(RECORDS)
**********

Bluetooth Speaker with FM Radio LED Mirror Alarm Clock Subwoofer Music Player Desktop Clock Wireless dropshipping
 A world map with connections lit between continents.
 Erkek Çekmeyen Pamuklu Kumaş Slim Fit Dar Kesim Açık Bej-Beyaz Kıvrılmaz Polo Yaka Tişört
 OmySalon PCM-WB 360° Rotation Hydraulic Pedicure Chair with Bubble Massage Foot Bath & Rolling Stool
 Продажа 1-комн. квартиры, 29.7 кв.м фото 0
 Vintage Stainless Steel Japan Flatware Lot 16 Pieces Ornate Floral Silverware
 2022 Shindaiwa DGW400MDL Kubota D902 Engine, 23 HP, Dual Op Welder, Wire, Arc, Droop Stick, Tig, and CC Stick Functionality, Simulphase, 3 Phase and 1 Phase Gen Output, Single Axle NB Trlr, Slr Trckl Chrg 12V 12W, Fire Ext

**********

(ASSIGNMENT)
Taking the records above, retype every line from the one with "A world map" down to the one with "Vintage Stainless Steel", exactly and with nothing else.

(EXERCISE ANSWER)
 A world map with connections lit between continents.
 Erkek Çekmeyen Pamuklu Kumaş Slim Fit Dar Kesim Açık Bej-Beyaz Kıvrılmaz Polo Yaka Tişört
 OmySalon PCM-WB 360° Rotation Hydraulic Pedicure Chair with Bubble Massage Foot Bath & Rolling Stool
 Продажа 1-комн. квартиры, 29.7 кв.м фото 0
 Vintage Stainless Steel Japan Flatware Lot 16 Pieces Ornate Floral Silverware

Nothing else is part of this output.